## WHAT IS NEEDED:
Nothing outside the range below should be printed. Output exactly the lines from the line with "Floral Dream Catcher" to the line with "Vegan Blueberry Graphic", both included.

## Caption-style text data:
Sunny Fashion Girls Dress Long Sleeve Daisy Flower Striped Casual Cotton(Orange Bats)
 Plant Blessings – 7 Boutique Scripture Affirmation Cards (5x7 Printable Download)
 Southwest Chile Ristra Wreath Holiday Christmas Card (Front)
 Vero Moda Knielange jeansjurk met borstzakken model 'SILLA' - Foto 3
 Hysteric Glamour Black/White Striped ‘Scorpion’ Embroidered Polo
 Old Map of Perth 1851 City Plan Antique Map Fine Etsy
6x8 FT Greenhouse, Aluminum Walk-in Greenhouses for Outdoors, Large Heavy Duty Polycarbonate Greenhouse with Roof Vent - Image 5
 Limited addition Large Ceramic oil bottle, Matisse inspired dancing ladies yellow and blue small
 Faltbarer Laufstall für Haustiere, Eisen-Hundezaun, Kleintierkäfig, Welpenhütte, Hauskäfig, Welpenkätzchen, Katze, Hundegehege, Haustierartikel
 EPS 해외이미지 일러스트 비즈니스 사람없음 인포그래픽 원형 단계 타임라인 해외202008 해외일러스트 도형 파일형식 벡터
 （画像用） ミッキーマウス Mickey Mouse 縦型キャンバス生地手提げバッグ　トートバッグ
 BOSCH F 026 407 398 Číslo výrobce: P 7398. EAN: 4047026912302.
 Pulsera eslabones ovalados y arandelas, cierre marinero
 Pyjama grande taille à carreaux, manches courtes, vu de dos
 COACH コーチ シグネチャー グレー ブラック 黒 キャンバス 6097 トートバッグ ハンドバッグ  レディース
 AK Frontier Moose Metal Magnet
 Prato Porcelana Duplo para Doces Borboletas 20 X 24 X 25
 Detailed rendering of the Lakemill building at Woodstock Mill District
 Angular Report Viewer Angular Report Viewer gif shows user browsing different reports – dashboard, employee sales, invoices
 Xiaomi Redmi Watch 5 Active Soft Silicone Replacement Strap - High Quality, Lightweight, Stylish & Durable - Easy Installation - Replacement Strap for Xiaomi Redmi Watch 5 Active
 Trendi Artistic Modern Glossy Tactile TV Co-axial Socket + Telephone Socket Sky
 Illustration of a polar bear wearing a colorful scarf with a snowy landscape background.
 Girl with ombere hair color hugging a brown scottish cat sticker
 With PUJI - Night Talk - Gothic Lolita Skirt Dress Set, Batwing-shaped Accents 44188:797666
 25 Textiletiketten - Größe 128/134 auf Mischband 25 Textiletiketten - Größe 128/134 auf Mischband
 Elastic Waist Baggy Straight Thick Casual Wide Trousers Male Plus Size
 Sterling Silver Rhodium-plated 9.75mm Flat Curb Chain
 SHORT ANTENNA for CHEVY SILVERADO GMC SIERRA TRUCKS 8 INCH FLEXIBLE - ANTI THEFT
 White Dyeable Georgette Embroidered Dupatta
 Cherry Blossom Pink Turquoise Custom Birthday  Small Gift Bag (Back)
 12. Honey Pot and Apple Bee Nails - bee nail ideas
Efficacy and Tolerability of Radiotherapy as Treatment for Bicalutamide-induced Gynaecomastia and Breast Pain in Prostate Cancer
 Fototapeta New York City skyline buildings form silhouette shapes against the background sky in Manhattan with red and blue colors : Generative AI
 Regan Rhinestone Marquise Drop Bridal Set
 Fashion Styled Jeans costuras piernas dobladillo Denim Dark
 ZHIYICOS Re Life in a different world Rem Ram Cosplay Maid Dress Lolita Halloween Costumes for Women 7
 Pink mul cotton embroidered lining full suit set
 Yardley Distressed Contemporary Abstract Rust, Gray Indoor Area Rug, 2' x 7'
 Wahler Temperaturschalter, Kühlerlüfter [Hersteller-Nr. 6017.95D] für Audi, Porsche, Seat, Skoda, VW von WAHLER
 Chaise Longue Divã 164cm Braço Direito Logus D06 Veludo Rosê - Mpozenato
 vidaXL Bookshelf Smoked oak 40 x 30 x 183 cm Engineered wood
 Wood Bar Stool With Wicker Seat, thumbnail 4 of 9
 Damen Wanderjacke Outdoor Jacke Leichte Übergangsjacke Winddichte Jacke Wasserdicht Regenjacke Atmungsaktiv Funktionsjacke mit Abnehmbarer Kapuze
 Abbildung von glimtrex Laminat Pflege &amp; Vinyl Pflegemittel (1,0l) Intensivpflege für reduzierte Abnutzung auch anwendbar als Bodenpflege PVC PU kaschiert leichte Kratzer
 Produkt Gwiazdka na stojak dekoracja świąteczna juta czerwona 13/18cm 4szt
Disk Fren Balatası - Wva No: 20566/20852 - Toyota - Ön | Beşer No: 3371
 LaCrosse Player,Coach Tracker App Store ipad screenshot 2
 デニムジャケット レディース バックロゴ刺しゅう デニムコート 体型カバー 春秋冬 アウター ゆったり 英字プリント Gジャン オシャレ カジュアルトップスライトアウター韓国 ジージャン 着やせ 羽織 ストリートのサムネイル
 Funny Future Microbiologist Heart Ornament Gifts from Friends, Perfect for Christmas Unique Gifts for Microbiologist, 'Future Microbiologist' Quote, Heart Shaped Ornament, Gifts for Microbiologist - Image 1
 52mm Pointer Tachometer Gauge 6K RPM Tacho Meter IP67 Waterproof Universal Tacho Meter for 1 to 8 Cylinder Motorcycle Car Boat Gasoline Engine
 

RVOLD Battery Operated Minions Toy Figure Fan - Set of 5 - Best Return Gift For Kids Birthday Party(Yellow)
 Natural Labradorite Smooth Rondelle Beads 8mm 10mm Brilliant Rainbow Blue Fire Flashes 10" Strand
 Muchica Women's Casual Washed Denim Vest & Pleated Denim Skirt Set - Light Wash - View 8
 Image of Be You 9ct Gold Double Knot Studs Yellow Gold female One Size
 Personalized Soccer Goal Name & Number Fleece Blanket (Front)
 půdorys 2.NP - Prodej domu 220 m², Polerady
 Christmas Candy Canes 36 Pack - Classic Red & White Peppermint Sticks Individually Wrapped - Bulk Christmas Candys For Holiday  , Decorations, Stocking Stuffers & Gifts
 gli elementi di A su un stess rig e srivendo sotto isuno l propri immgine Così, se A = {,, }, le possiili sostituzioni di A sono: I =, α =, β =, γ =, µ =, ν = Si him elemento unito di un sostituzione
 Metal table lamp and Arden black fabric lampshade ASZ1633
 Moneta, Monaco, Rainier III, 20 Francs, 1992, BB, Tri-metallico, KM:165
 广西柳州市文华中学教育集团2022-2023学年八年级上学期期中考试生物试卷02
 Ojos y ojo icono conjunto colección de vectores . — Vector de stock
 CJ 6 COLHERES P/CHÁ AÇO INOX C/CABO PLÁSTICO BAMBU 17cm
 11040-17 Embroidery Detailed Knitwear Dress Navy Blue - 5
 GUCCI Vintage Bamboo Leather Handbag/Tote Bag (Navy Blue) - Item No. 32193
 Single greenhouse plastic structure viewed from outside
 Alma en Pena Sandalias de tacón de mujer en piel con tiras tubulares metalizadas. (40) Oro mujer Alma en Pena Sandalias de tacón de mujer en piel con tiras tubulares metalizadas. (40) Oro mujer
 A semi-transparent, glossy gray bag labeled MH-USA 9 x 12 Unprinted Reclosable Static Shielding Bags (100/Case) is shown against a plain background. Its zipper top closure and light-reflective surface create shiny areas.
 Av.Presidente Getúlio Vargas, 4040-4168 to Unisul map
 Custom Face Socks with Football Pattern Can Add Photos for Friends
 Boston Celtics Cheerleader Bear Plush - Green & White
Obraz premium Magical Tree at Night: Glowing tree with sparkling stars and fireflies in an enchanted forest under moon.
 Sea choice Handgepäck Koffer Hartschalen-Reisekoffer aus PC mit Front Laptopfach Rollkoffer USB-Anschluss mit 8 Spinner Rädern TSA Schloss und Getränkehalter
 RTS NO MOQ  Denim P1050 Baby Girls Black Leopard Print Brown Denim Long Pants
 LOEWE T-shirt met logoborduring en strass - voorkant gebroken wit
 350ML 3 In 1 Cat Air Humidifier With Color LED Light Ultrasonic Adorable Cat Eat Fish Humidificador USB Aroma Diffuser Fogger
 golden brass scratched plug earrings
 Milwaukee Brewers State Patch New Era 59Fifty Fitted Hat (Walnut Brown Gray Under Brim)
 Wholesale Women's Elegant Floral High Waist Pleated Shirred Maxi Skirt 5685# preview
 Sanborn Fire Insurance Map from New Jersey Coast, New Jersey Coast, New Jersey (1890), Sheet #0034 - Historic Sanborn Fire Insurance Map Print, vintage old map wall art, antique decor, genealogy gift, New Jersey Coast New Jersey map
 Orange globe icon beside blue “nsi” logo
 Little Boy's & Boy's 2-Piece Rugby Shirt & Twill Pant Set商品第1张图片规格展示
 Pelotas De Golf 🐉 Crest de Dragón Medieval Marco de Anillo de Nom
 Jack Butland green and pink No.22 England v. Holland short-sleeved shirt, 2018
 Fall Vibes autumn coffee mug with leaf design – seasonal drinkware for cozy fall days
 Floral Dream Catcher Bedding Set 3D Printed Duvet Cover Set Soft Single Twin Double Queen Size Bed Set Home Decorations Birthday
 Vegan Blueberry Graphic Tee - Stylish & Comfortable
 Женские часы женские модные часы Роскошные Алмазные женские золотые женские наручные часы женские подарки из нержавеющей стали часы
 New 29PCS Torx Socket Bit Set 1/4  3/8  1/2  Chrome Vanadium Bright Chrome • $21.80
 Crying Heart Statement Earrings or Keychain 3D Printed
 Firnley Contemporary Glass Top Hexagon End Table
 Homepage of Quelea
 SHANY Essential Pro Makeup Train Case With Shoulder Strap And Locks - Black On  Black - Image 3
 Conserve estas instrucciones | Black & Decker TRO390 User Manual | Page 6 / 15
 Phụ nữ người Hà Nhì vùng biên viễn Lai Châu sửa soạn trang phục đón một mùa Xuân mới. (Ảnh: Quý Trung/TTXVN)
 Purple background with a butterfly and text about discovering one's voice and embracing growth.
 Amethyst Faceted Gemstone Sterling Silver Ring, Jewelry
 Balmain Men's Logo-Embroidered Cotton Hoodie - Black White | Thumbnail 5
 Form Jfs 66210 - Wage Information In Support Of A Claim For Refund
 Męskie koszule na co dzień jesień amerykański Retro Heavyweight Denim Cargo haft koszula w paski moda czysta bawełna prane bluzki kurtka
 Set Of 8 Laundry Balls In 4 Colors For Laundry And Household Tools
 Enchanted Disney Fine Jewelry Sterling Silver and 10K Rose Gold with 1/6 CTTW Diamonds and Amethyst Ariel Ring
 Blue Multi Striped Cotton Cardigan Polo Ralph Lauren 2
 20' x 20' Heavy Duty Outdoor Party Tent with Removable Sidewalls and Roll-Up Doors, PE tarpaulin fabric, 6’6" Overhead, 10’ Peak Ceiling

## EXPECTED ANSWER:
 Floral Dream Catcher Bedding Set 3D Printed Duvet Cover Set Soft Single Twin Double Queen Size Bed Set Home Decorations Birthday
 Vegan Blueberry Graphic Tee - Stylish & Comfortable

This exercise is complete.